BEGIN INPUT DATA

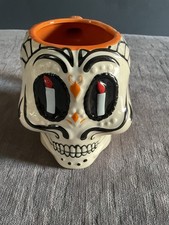 Taza de café de cerámica con calavera de azúcar del día de los muertos NUEVA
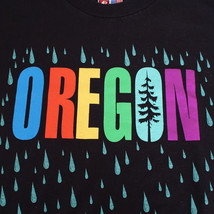 Vintage Oregon Graphic T-shirt Sz S Black Made in USA Rain Drop Rasta Co... - £15.12 GBP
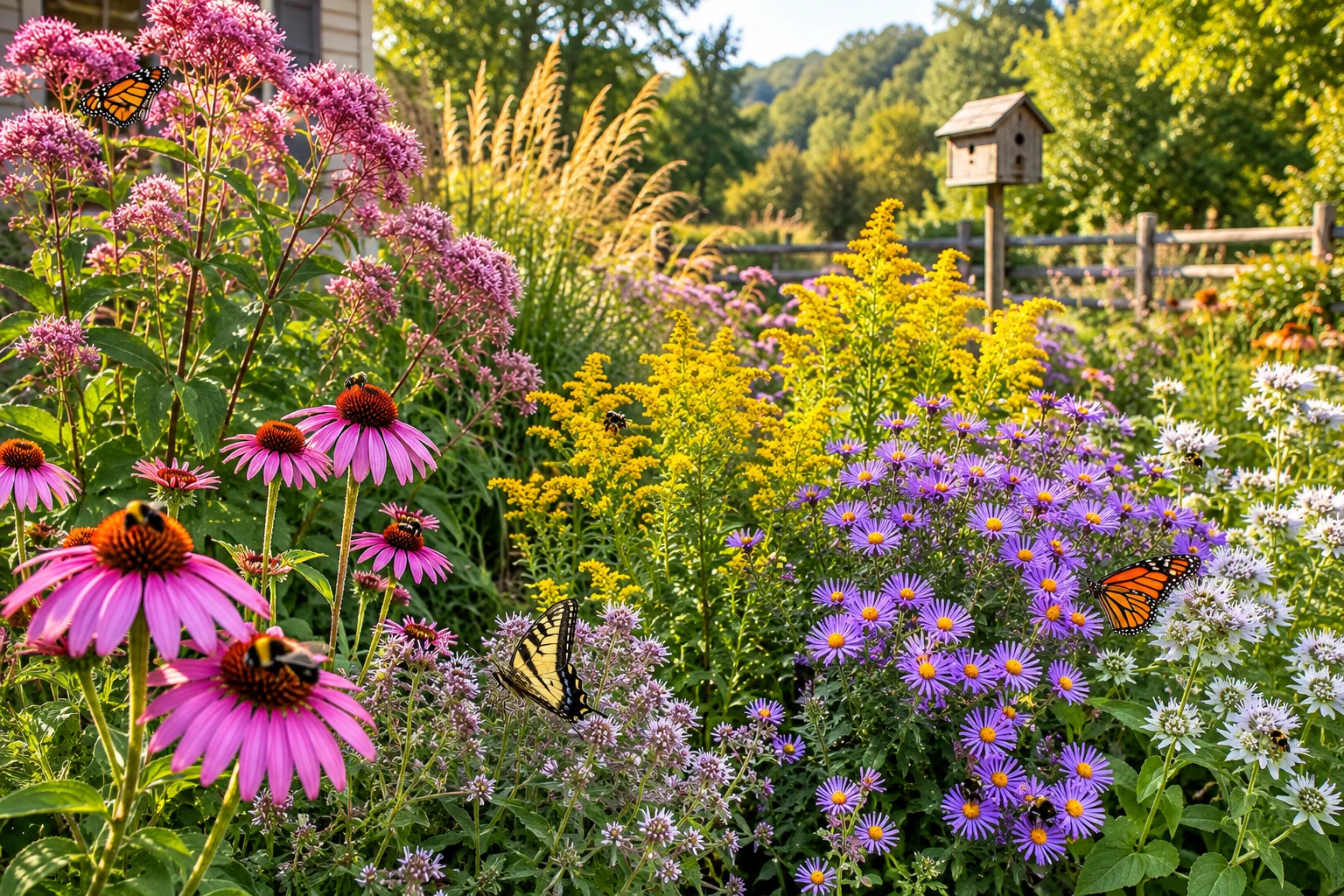 native plants bee garden design coneflower goldenrod aster mountain mint Joe-Pye weed naturalistic border pollinators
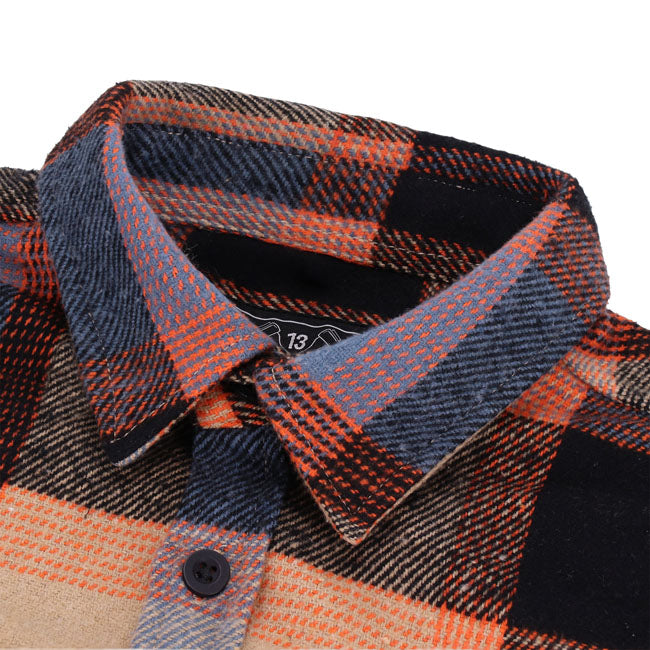 The 13 1/2 Steel Flannel Shirt is built for action and style; this shirt transitions seamlessly from job site to date night. Crafted from 100% heavyweight cotton; it offers rugged durability with breathable comfort. Thoughtfully tailored for a roomy fit; it features single- and double-needle polyester stitching for lasting wear. Rugged stainless-steel snaps to add a touch of flair. Available in several colorways.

END INPUT DATA

Pictures stay out. Write out everything else in the material exactly.

• RESPONSE:
 Taza de café de cerámica con calavera de azúcar del día de los muertos NUEVA
 Vintage Oregon Graphic T-shirt Sz S Black Made in USA Rain Drop Rasta Co... - £15.12 GBP
 native plants bee garden design coneflower goldenrod aster mountain mint Joe-Pye weed naturalistic border pollinators
 The 13 1/2 Steel Flannel Shirt is built for action and style; this shirt transitions seamlessly from job site to date night. Crafted from 100% heavyweight cotton; it offers rugged durability with breathable comfort. Thoughtfully tailored for a roomy fit; it features single- and double-needle polyester stitching for lasting wear. Rugged stainless-steel snaps to add a touch of flair. Available in several colorways.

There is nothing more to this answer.